Candice Hughes, an American, agreed to move with her husband and their two toddlers to Canada, then Switzerland, then Germany in the late 1980s while she was completing her PhD thesis. Her epiphany about how to live life abroad came in 1989 when she accompanied her husband, Louis – then chief executive officer of Adam Opel, the carmaker – to the Frankfurt Auto Show. A gaggle of photographers and journalists met their car kerbside and her husband was whisked away to a press conference. Hughes was stranded for 20 minutes. “I’m standing all alone, feeling vulnerable – and angry,” she recalls.
She realised that she wouldn’t be comfortable trailing her husband on assignment unless she was working. When she was finally able to leave the auto show, she drove straight to her children’s international school. “I told them: ‘I want a job. I will wash windows but I want a job.’ At the time I hadn’t worked for four years. I was fearful of losing my skills as a psychologist but I knew I didn’t want to be Mrs Adam Opel any more.”
Trailing spouses often go through the same stages of grief as someone who has lost a loved one. “They are grieving a loss of career. They go through shock, denial, anger. A lot of women get stuck in anger and don’t get to the reconciliation stage,” Pascoe says. “Those are the women I refuse to play tennis with.” They hit the ball too hard. Or they become über-homemakers and über-mums.
Though she jokes about it, Pascoe and others say corporate human resources departments would do well to notice and help trailing spouses. “The unhappy ones are phoning their husbands 20 times a day – that’s not an exaggeration – and the husband is not productive under those circumstances [but] HR doesn’t deal with that,” Pascoe says. “Meanwhile the guy is burning out.”
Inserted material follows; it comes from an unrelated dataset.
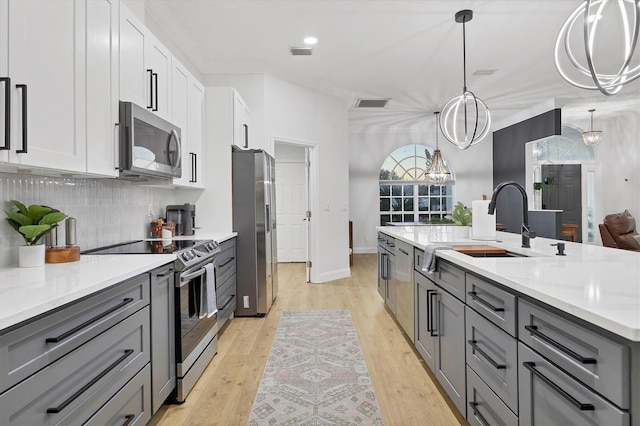 kitchen with stainless steel appliances, pendant lighting, light hardwood / wood-style flooring, a chandelier, and white cabinetry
Companies can help by including partners in the moving process, providing language training and cultural awareness seminars that might include instruction on how to do business in the host country. Most spouses also need help polishing résumés for an international audience and getting work permits. But, says Gill Aldred, a British citizen who trailed her husband to the US, where she could work, and Nigeria, where she could not, “companies have a natural reluctance to get involved with the private lives of their employees”.
Assignment success, McNulty concludes, depends on how well expatriate spouses can strike a balance between missed opportunities in their home country and new prospects in their host country.
Jane Ulewicz, a registered nurse from the US living in Singapore, says she has enjoyed taking time off to spend with her daughter. “I wouldn’t change it for anything in the world,” she says. Still, she is leaving the island state early to go back to her native Georgia because she doesn’t want to lose her competitive work advantage. “With one year out, you lose knowledge and skills. The equipment is constantly changing. I don’t want to get too far behind by being here.”
Fougner, meanwhile, says she is happy to remain a trailing spouse, provided she continues to find the right houses for her family and jobs for herself. “It will change your life,” she says.
It certainly did for Hughes. When she moved back to the US, she turned her experience into a job. She now researches cultural transitions for Bridging Cultures, a company she founded with friends made in Switzerland.